*Exercise aim*
Beneath this instruction is a listing. Transcribe from it only the stretch from the line with "Stage 2 is deemed" through the line with "Lane departure warning, anti-lock", both end lines included, exactly as written.
·····
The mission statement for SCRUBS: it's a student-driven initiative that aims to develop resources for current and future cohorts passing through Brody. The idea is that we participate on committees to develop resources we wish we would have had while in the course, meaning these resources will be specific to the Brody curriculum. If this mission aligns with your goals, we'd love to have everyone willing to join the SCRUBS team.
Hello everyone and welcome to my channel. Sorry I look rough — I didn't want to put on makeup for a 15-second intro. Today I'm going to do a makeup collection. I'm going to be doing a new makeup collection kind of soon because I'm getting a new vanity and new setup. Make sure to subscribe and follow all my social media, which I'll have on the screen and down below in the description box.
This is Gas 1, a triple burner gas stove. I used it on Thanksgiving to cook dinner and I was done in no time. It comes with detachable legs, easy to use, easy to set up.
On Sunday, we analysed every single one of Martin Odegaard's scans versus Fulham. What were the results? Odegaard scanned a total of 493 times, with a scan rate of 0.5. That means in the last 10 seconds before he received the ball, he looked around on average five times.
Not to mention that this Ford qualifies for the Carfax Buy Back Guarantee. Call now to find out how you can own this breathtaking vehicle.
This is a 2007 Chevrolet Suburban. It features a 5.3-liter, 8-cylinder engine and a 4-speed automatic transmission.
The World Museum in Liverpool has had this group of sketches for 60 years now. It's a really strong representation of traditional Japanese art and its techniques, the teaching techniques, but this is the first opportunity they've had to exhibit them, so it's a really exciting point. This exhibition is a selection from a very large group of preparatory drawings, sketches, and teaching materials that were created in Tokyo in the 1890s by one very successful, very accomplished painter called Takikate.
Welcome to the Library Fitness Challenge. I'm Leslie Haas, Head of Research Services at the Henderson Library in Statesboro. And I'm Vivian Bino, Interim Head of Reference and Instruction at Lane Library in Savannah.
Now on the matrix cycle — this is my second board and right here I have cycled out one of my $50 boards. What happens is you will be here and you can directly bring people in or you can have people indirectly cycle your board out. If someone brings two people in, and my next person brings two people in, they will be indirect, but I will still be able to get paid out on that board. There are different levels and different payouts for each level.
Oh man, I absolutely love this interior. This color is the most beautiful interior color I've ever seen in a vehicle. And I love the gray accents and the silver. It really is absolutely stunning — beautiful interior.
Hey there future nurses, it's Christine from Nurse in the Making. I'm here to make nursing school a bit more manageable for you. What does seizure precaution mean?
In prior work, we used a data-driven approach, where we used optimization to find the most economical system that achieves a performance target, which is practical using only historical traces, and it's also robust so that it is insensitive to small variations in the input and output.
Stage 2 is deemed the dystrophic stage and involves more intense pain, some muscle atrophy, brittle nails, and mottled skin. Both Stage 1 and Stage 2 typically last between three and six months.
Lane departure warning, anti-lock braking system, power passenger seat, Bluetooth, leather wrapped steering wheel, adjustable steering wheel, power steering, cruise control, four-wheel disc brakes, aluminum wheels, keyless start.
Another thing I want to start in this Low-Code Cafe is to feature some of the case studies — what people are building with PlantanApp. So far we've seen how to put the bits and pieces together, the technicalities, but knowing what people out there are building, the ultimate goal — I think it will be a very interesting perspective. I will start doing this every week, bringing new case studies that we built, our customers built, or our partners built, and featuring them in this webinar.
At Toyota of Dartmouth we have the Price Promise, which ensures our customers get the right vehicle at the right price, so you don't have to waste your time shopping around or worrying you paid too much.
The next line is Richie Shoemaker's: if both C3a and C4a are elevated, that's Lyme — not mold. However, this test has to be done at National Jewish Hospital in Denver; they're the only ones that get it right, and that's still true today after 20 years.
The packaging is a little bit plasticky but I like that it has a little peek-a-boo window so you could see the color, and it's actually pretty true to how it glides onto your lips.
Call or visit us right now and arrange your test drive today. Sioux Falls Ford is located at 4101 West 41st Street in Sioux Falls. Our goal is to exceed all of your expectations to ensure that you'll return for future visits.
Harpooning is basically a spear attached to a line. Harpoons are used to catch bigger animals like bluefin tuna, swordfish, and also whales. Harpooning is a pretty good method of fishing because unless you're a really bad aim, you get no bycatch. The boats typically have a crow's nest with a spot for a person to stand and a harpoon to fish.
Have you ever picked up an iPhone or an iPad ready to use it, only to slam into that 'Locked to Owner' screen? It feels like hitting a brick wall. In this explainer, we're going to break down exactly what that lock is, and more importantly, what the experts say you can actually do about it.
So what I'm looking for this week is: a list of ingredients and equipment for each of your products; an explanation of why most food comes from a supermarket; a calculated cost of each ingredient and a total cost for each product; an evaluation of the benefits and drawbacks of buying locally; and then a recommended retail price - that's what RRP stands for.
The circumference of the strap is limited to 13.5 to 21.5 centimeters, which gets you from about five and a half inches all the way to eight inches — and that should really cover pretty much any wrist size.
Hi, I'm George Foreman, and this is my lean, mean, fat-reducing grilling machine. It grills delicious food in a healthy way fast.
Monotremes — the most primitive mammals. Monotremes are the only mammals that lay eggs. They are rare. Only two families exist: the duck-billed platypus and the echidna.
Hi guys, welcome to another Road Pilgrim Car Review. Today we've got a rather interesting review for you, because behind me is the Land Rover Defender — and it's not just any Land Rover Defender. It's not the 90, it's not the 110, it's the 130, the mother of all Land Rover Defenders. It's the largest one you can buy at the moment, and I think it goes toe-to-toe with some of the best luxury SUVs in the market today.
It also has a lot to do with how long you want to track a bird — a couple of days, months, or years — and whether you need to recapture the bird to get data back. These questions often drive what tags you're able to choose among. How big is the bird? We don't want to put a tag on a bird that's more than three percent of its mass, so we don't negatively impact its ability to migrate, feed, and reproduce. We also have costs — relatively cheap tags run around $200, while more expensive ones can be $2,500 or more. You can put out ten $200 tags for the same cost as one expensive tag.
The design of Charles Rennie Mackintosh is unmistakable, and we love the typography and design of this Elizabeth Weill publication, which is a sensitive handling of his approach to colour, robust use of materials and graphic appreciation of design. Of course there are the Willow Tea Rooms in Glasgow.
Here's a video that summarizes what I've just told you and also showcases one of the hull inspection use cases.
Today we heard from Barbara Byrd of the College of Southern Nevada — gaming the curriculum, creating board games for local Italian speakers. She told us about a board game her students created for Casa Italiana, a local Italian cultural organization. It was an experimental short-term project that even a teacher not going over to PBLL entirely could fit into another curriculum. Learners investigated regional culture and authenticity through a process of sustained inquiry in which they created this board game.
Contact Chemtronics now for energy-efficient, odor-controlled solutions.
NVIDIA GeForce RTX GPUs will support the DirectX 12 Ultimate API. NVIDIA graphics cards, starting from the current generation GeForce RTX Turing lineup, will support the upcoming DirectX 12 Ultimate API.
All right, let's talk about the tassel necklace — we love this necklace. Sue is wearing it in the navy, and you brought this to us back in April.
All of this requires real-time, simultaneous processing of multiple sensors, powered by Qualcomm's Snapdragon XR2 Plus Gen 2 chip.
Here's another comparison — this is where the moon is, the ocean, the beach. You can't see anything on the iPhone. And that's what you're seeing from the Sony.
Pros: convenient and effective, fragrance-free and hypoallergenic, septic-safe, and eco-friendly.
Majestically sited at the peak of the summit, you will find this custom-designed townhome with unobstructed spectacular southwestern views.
·····
*Output of the exercise*
Stage 2 is deemed the dystrophic stage and involves more intense pain, some muscle atrophy, brittle nails, and mottled skin. Both Stage 1 and Stage 2 typically last between three and six months.
Lane departure warning, anti-lock braking system, power passenger seat, Bluetooth, leather wrapped steering wheel, adjustable steering wheel, power steering, cruise control, four-wheel disc brakes, aluminum wheels, keyless start.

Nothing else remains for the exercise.